Hey Zeus, the latest hipster café to open in Newcastle, is different from any other eatery in Australia.

It has no waiters, it’s totally service.

Billed as Australia’s first fully-automated takeaway restaurant, it’s a place where customers place their order via touchscreen — and receive them on a conveyor belt.

People can also make use of their iPads.

Also, Hey Zeus isn’t like other quick-serve outlets. The menu here is close to 100 per cent organic and the food is locally sourced.

Each meal is totally healthy. It comes with rice — white or brown — mixed with 25 per cent quinoa, with fresh salads and meat or vegetarian options.

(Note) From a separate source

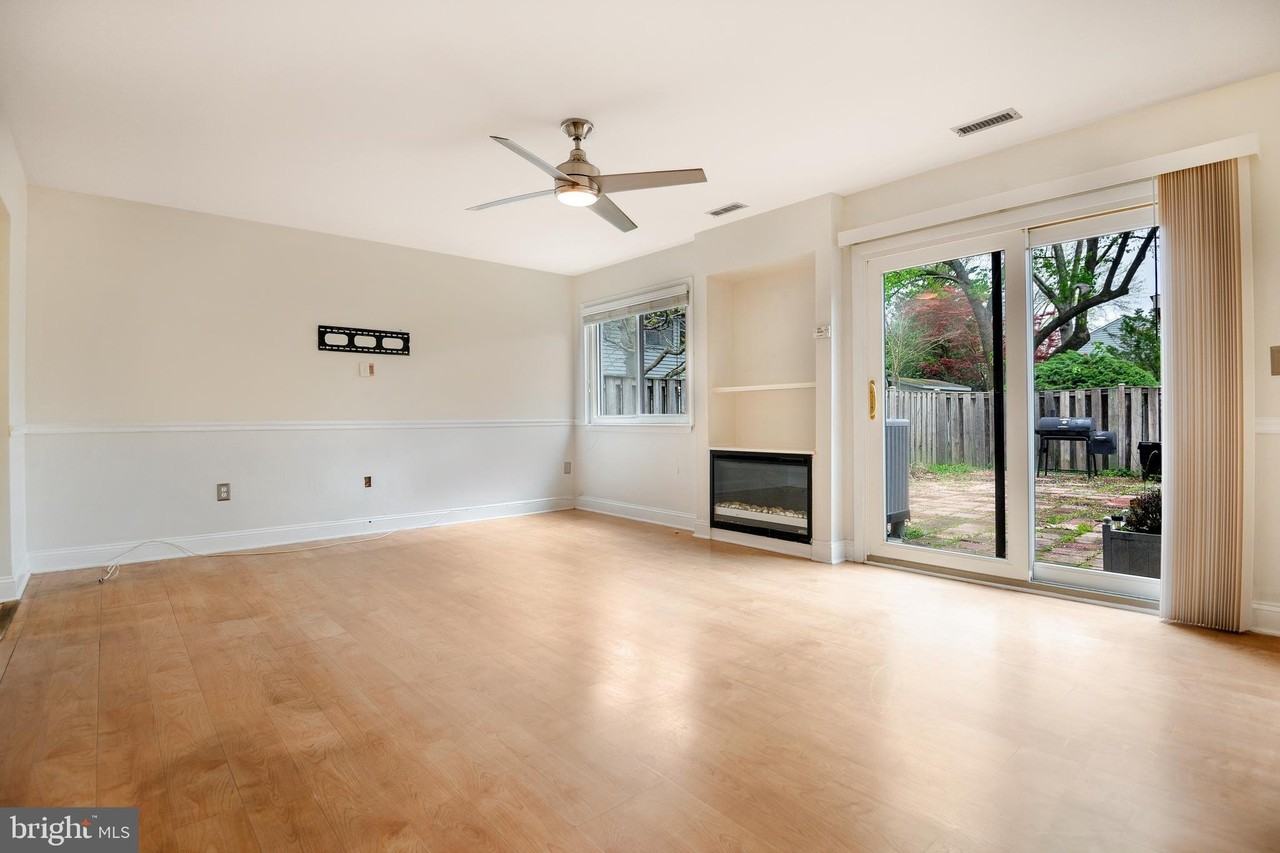 1055 Cedar Ridge Ct - Photo 5 of 13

The healthy meals arrive from the kitchen in impersonal brown paper bags.

Hey Zeus founder Jacob Beye calls it “guilt-free fast food”.

Beye is an American expat who moved to Australia as a university student a decade ago.

What inspired him to set up Hey Zeus were the fast food chains back home which had used automation to turbocharge the speed of service at takeaway joints.

“From the research I’ve done, there is nothing quite like it — it’s the first of its kind in Australia,” Mr Beye told news.com.au.

“McDonald’s has touchscreen ordering, but only to supplement their main offer. This is the first completely unmanned cafe.”

He says his focus is complex nutrition rather than “healthy” or “diet” food.

The idea for the business came up when he was a busy student struggling to find healthy takeaway food options.

“I was annoyed by how, when I just didn’t have much time, I’d usually have to choose food that’s pretty bad for you,” Beye said.

“It’s harder to get fresh, organic food down to those prices.”

While the restaurant has attracted reactions from social media users, with some claiming iPads are taking people’s jobs, Beye says Hey Zeus has not necessarily cut down on staff.

It’s just made the food quicker and cheaper to deliver.

“I think we’d be able to do it with the same number of labour hours, but we’d be slower and our prices would have to go up,” he said.